Leave out the pictures, and print exactly the lines from the one holding "132 Cousa jamais ao todo interpretaram." through the last line of the material.

::::::

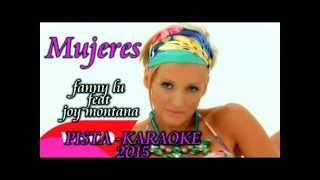 Fanny Lu  Mujeres KARAOKE ft Joey Montana [upl. by Parry]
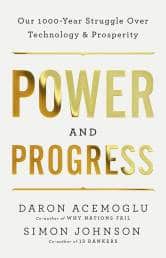 Power and Progress - Our Thousand-Year Struggle Over Technology and Prosperity (Basic Books, an imprint of John Murray Press) by Daron Acemoglu and Simon Johnson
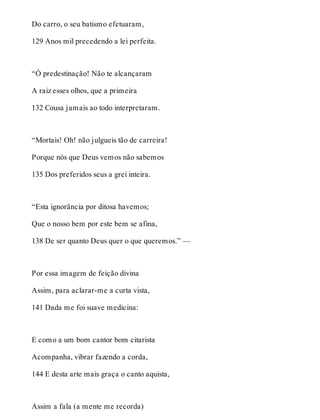 Do carro, o seu batismo efetuaram, 
129 Anos mil precedendo a lei perfeita. 
“Ó predestinação! Não te alcançaram 
A raiz esses olhos, que a primeira 
132 Cousa jamais ao todo interpretaram. 
“Mortais! Oh! não julgueis tão de carreira! 
Porque nós que Deus vemos não sabemos 
135 Dos preferidos seus a grei inteira. 
“Esta ignorância por ditosa havemos; 
Que o nosso bem por este bem se afina, 
138 De ser quanto Deus quer o que queremos.” — 
Por essa imagem de feição divina 
Assim, para aclarar-me a curta vista, 
141 Dada me foi suave medicina: 
E como a um bom cantor bom citarista 
Acompanha, vibrar fazendo a corda, 
144 E desta arte mais graça o canto aquista, 
Assim a fala (a mente me recorda) 
 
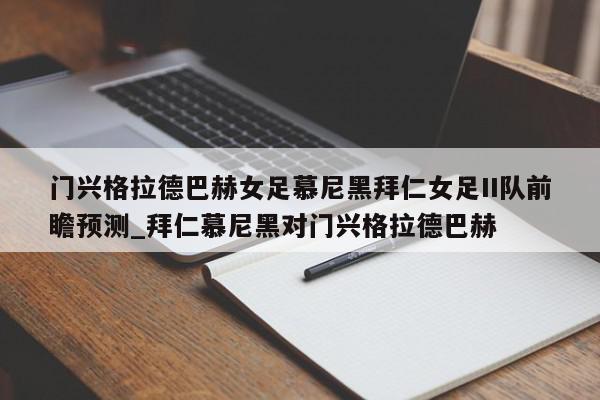 门兴格拉德巴赫女足慕尼黑拜仁女足II队前瞻预测_拜仁慕尼黑对门兴格拉德巴赫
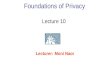 Foundations of Privacy Lecture 10 Lecturer: Moni Naor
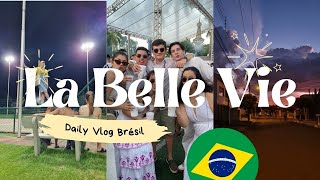 LA BELLE VIE JanvierDaily vlog au Brésil [upl. by Ennayrb]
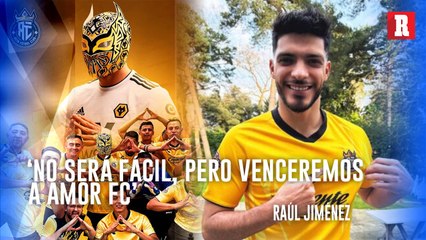 Raúl Jiménez: 'Amor FC será difícil, pero vamos por la victoria'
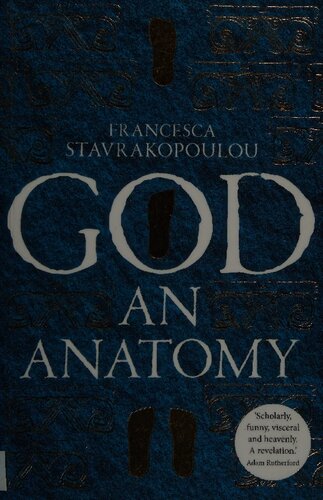 God: An Anatomy - As heard on Radio 4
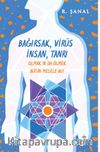Bağırsak, Virüs, İnsan, Tanrı 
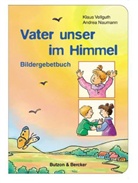 Naumann, Andrea Naumann, Vellgut, Klau Vellguth, Klaus Vellguth, Andrea Naumann - Vater unser im Himmel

::::::

[Finished exercise]
132 Cousa jamais ao todo interpretaram. 
“Mortais! Oh! não julgueis tão de carreira! 
Porque nós que Deus vemos não sabemos 
135 Dos preferidos seus a grei inteira. 
“Esta ignorância por ditosa havemos; 
Que o nosso bem por este bem se afina, 
138 De ser quanto Deus quer o que queremos.” — 
Por essa imagem de feição divina 
Assim, para aclarar-me a curta vista, 
141 Dada me foi suave medicina: 
E como a um bom cantor bom citarista 
Acompanha, vibrar fazendo a corda, 
144 E desta arte mais graça o canto aquista, 
Assim a fala (a mente me recorda) 
 
 门兴格拉德巴赫女足慕尼黑拜仁女足II队前瞻预测_拜仁慕尼黑对门兴格拉德巴赫
 Foundations of Privacy Lecture 10 Lecturer: Moni Naor
 LA BELLE VIE JanvierDaily vlog au Brésil [upl. by Ennayrb]
 Raúl Jiménez: 'Amor FC será difícil, pero vamos por la victoria'
 God: An Anatomy - As heard on Radio 4
Bağırsak, Virüs, İnsan, Tanrı 
 Naumann, Andrea Naumann, Vellgut, Klau Vellguth, Klaus Vellguth, Andrea Naumann - Vater unser im Himmel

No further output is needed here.